In a recent article with NYT Magazine, Israeli President Shimon Peres discusses Israel, Palestine, President Obama, Prime Minister Netanyahu, the Peace Process and much more.

“This part of the conversation is highly sensitive,” said the spokeswoman for Israel’s president. “I want all cellphones taken out of the room.” It was July 25, 2012, and I was interviewing Shimon Peres in a wood-paneled suite at the King David Hotel in Jerusalem. I handed my phone to one of the guards standing at the door, and Peres swiftly opened a scathing monologue against a potential Israeli attack on Iran’s nuclear sites. “Israel cannot solve the problem alone,” he said. “There is a limit to what we can do.”
Referring to the continuing tension between Prime Minister Benjamin Netanyahu and President Barack Obama, Peres said: “I cannot tell you what Bibi’s considerations are on the subject of Iran. I am not his spokesman and also not [Defense Minister Ehud] Barak’s. That’s not my job. I am not looking for confrontations with them. I do think that I can explain the American pattern. America knows how to throw a punch when it has to, in order to keep the world balanced. But the punches follow a set procedure. They don’t begin by shooting. They try all the other means first — economic sanctions, political pressure, negotiations, everything possible.
“But in the end,” he added, “if none of this works, then President Obama will use military power against Iran. I am sure of it.”

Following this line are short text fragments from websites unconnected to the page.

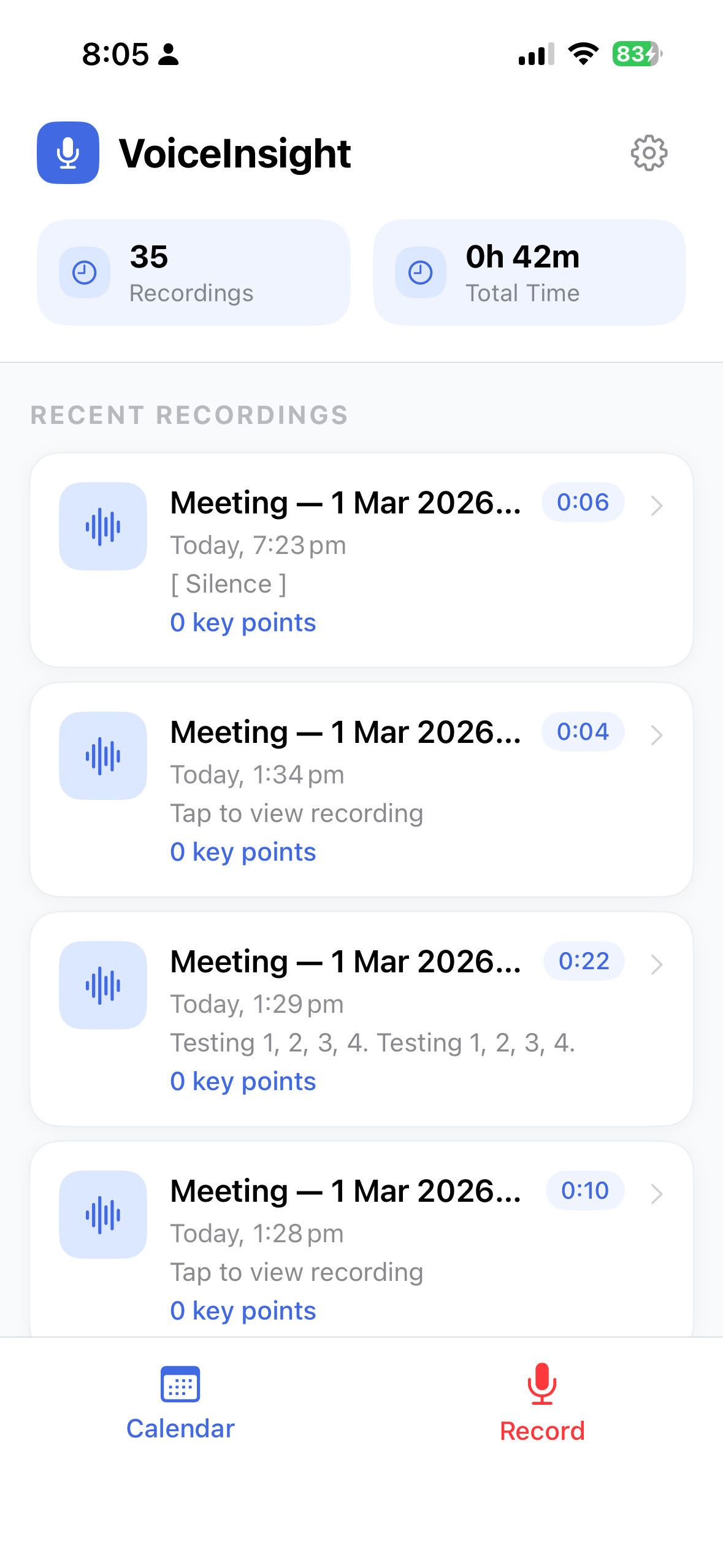 VoiceInsight main screen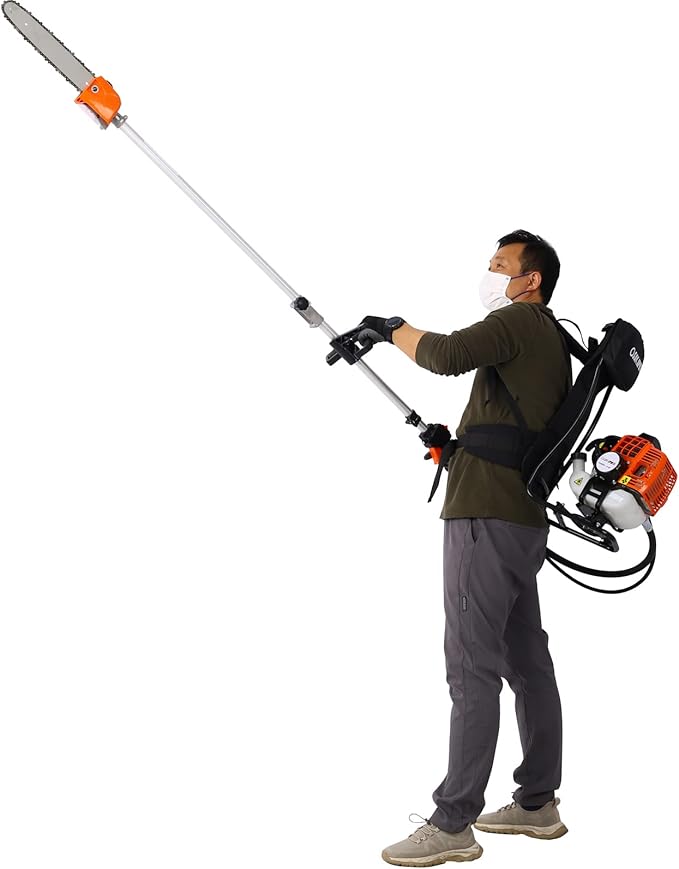 4-in-1 Backpack String Trimmer Weed Eater,52CC 2-Cycle Multi Garden Tools with Gas Pole Saw, Hedge Trimmer, Grass Trimmer and Brush Cutter EPA Compliant, Lawn Mower Weed Wacker Edger for Yard
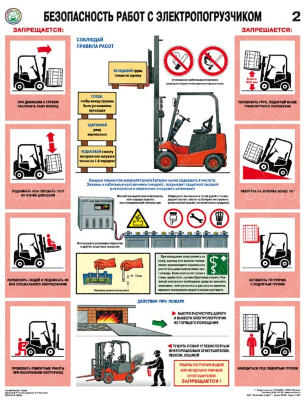 Плакат "Безопасность работ с электро погрузчиком" - фото 2 - id-p79846501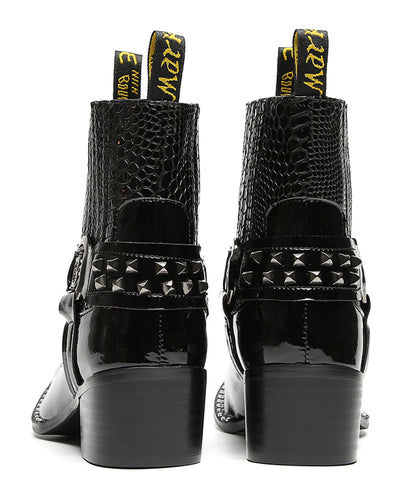 Mens Studded Snake Pattern Leather Cowboy Western Chelsea Boots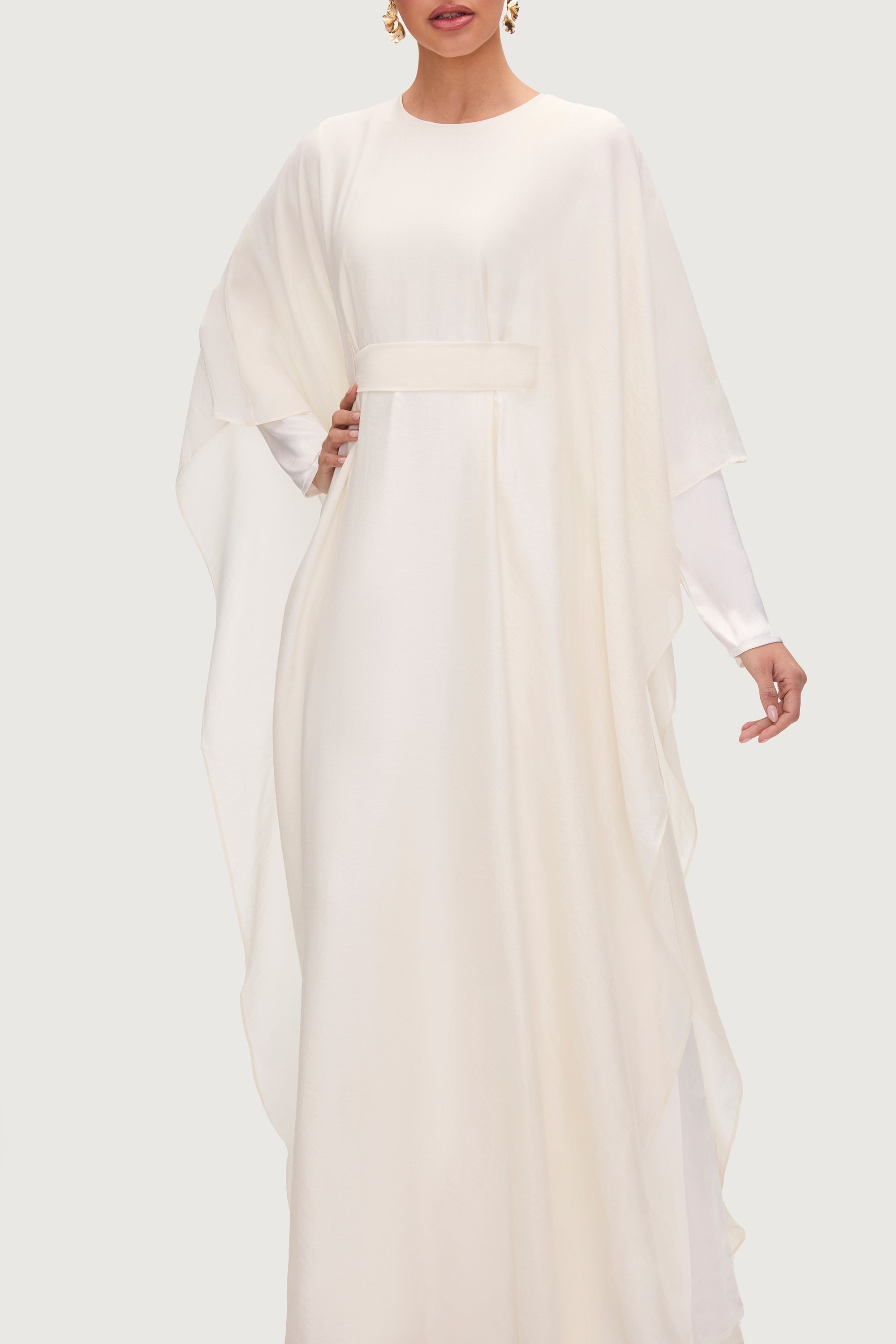 Robe Longue Éthérée en Soie à Taille Nouée - Rayon de Lune Robes Modeen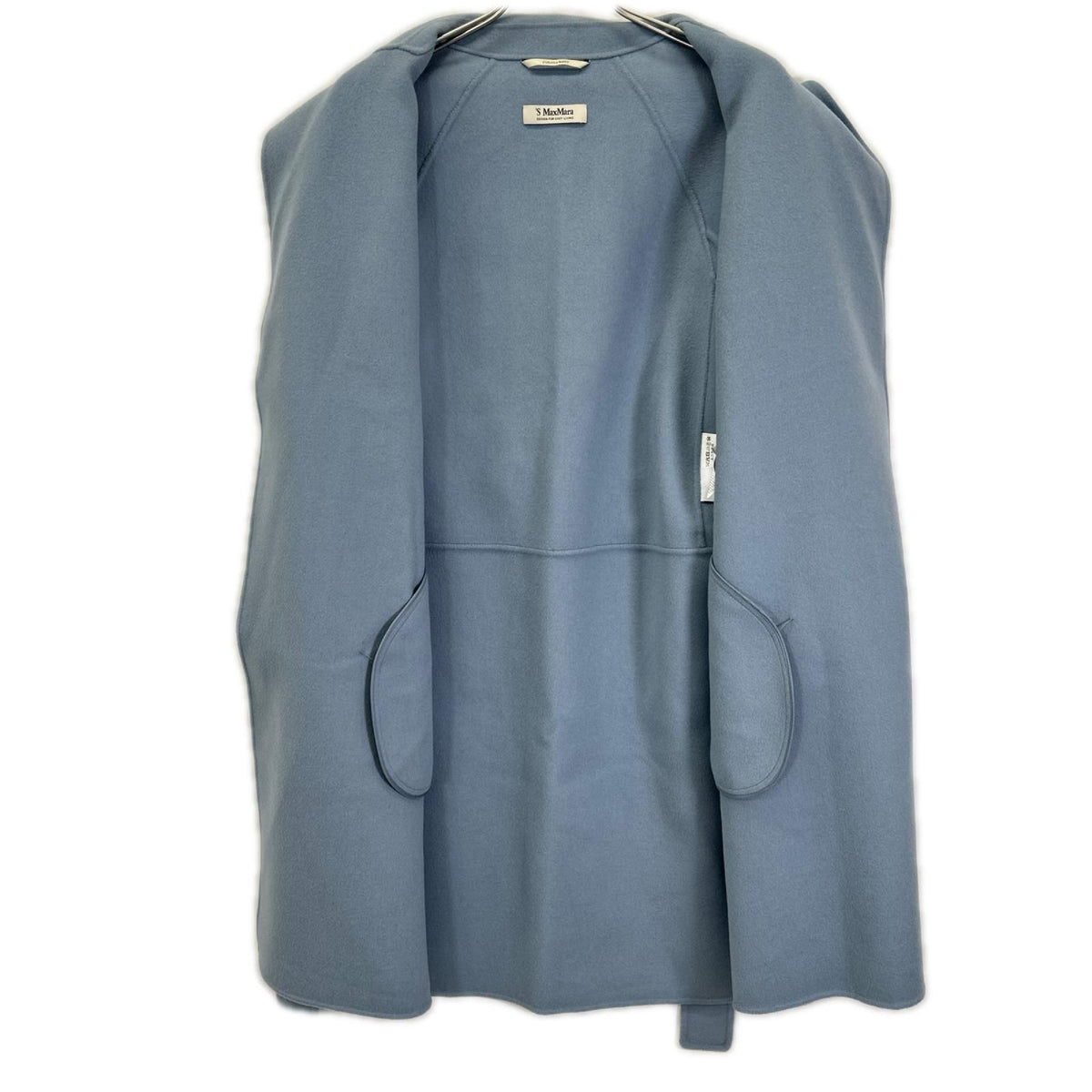 Max Mara S Blue Arona Wool Double Face Long Coat 42 — view 3
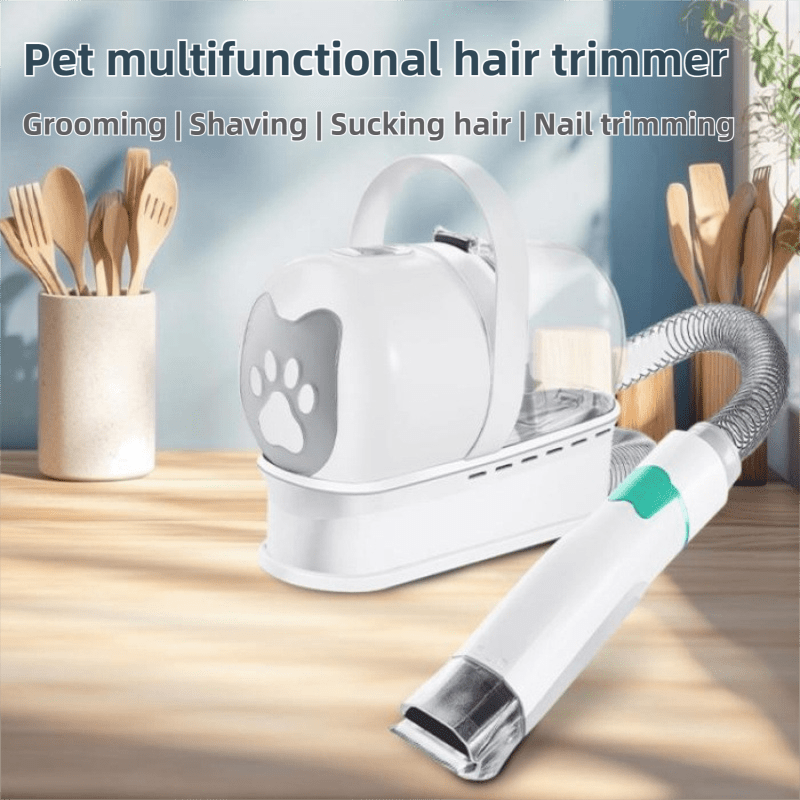 7-in-1 White Multifunctional Pet Grooming Vacuum Kit - Dog Cat Home Barber Shop & Low Noise Shedding Groomer with 1L Large Dust Cup - KAZIPAWS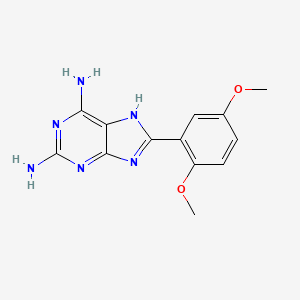 molecular formula C13H14N6O2 B10845706 8-(2,5-dimethoxyphenyl)-9H-purine-2,6-diamine 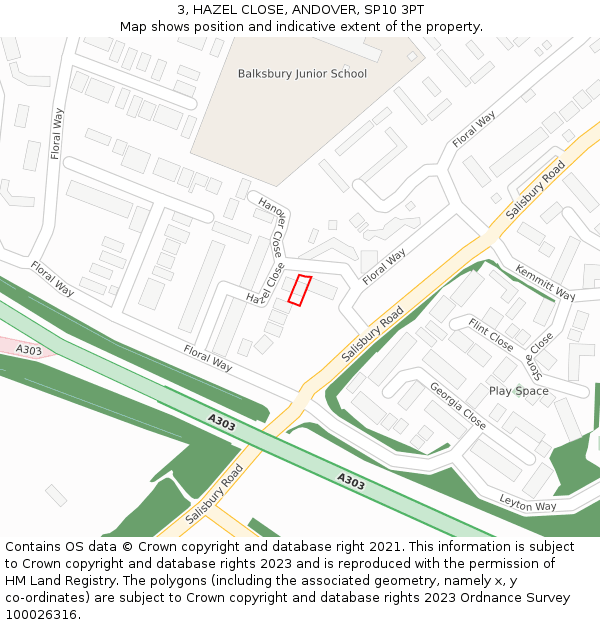 3, HAZEL CLOSE, ANDOVER, SP10 3PT: Location map and indicative extent of plot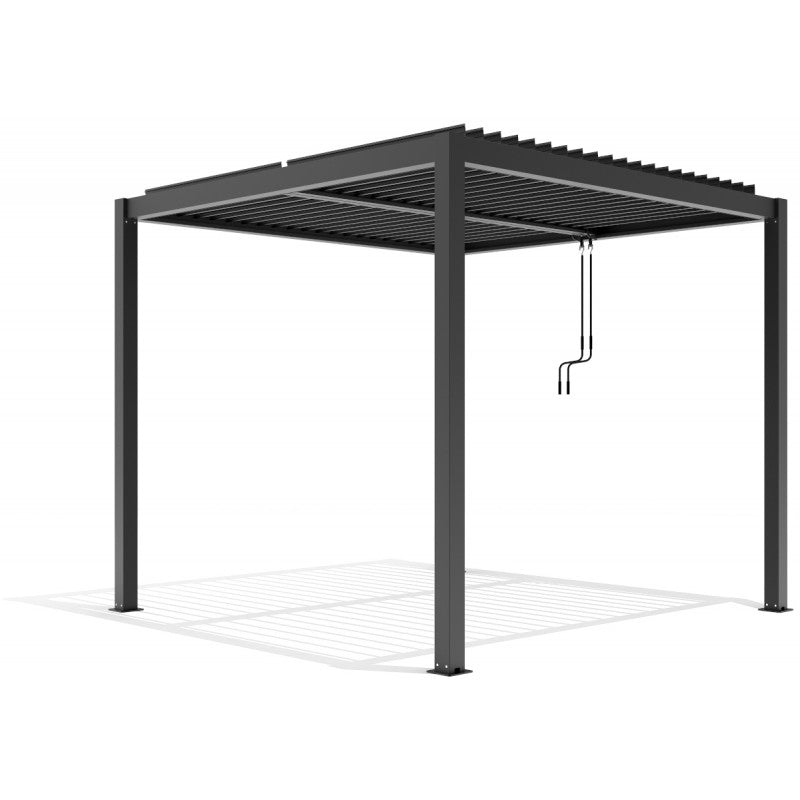 X-Metal Pergola Bioclimatique Autoportante Aluminium Anthracite 3x3 m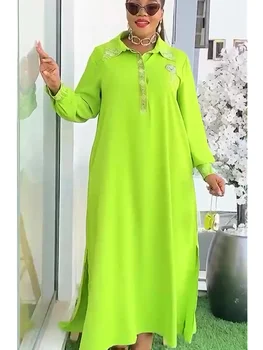 Abiti da festa africani taglie forti per donna 2025 Abito da sera in chiffon di nuova moda estiva Elegante abito lungo musulmano turco 1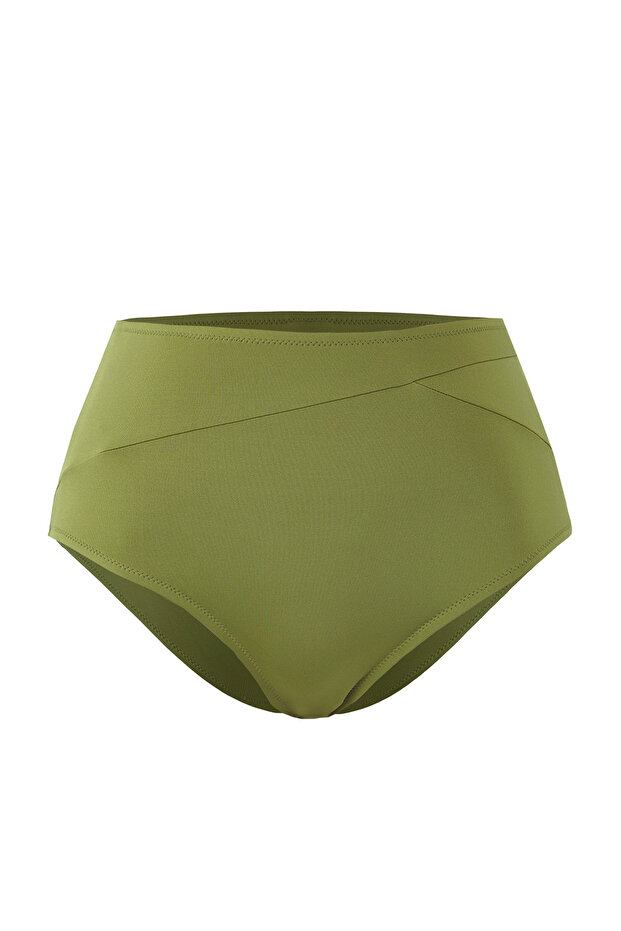 Yeşil Yüksek Bel Hipster Bikini Altı TBESS25BA00035 - 4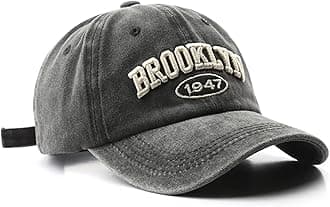 Brooklyn Hat Vintage Brooklyn 1947 Dad Hat Washed Cotton Unstructured Baseball Cap for Men & Women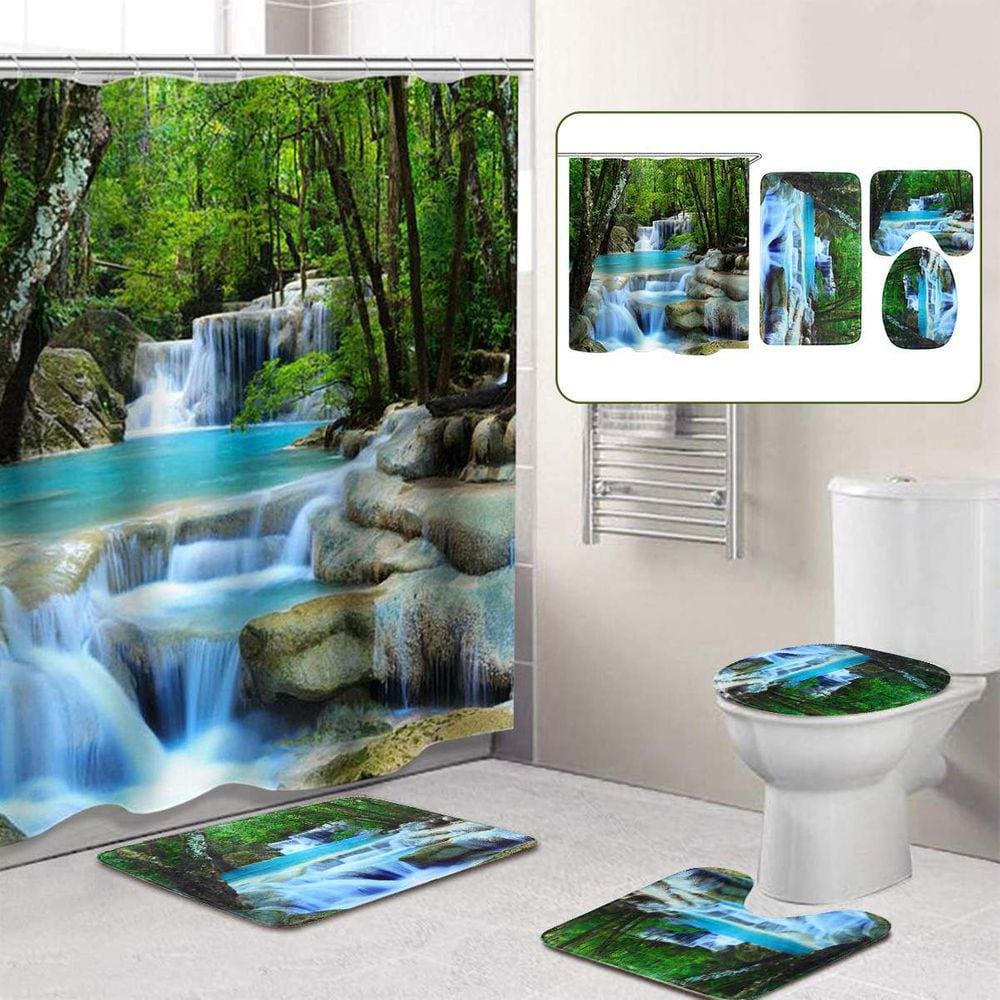  3D cachoeira paisagem impermeável chuveiro cortina banheiro s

I was surprised by Peres’s stridency. He had long been perceived as a moderating force on Netanyahu, a mediator between the prime minister and the international community that was losing patience with him. A month earlier, Obama awarded Peres the Presidential Medal of Freedom — America’s highest civilian honor. But the ceremony served only to deepen the rift between Peres and Netanyahu, and three weeks later, as reports became more frequent that Netanyahu was planning to send bombers to Iran, Peres took advantage of his 89th-birthday celebrations to speak out publicly against an attack. The prime minister’s office responded with ferocity, proclaiming, “Peres has forgotten what the president’s job is,” and recalling that in 1981, Peres opposed Prime Minister Menachem Begin’s decision to bomb Iraq’s nuclear reactor, an act that many Israelis consider a great achievement.